Matej Minac and the power of good
Last November the film director Matej Minac achieved something beyond his dreams. His film "Nicholas Winton - the Power of Good", won the greatest international honour that a documentary film can achieve: it was voted best documentary in the International Emmy Television Awards in New York. The film, a Czech-Slovak coproduction, is about a young British stockbroker, who saved nearly 700 Jewish children at the beginning of the Nazi occupation of Prague, struggling against time to find them homes in Britain. The now 93-year-old Nicholas Winton is the central figure in this powerful and moving film. Here Matej Minac remembers the moment when the Emmy Awards were announced.

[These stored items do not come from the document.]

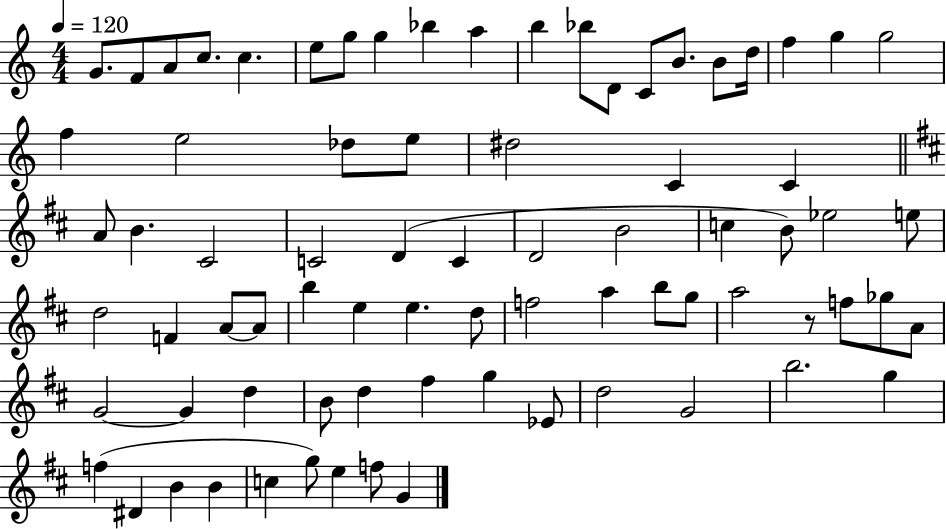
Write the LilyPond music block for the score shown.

{
  \clef treble
  \numericTimeSignature
  \time 4/4
  \key c \major
  \tempo 4 = 120
  \repeat volta 2 { g'8. f'8 a'8 c''8. c''4. | e''8 g''8 g''4 bes''4 a''4 | b''4 bes''8 d'8 c'8 b'8. b'8 d''16 | f''4 g''4 g''2 | \break f''4 e''2 des''8 e''8 | dis''2 c'4 c'4 | \bar "||" \break \key b \minor a'8 b'4. cis'2 | c'2 d'4( c'4 | d'2 b'2 | c''4 b'8) ees''2 e''8 | \break d''2 f'4 a'8~~ a'8 | b''4 e''4 e''4. d''8 | f''2 a''4 b''8 g''8 | a''2 r8 f''8 ges''8 a'8 | \break g'2~~ g'4 d''4 | b'8 d''4 fis''4 g''4 ees'8 | d''2 g'2 | b''2. g''4 | \break f''4( dis'4 b'4 b'4 | c''4 g''8) e''4 f''8 g'4 | } \bar "|."
}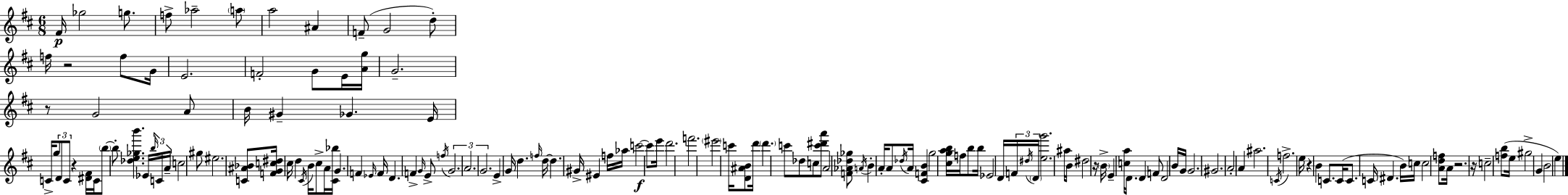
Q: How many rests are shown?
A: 7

"When we went to New York, Joe Schlesinger the narrator of the film was there and my executive producer, Martina Stolbova and my fellow producer Patrik Pass. The day before we saw all the movies in our category and they were very, very good. They were from the big companies like NHK in Japan, ZDF, Arte and CBC, so we were thinking that our chance of winning the EMMY is very little and more or less I was sure that we won't win it. So the moment when they said at the ceremony at this gala evening: "And the winner is Nicholas Winton - the Power of Good", I thought that I didn't hear it properly, so we didn't react, we didn't do anything, you know. And so they had a little bit to repeat: "And the winner is ", and only then did we believe it. And we said that really for us it's an amazing thing because this prize more or less belongs to a man - Nicholas Winton - to whom we wanted to pay tribute, because he deserved it so much that he selflessly rescued these 700 children. And he did something absolutely astonishing, and for us it was such a moment of self-fulfillment that we could thank him this way, through our profession."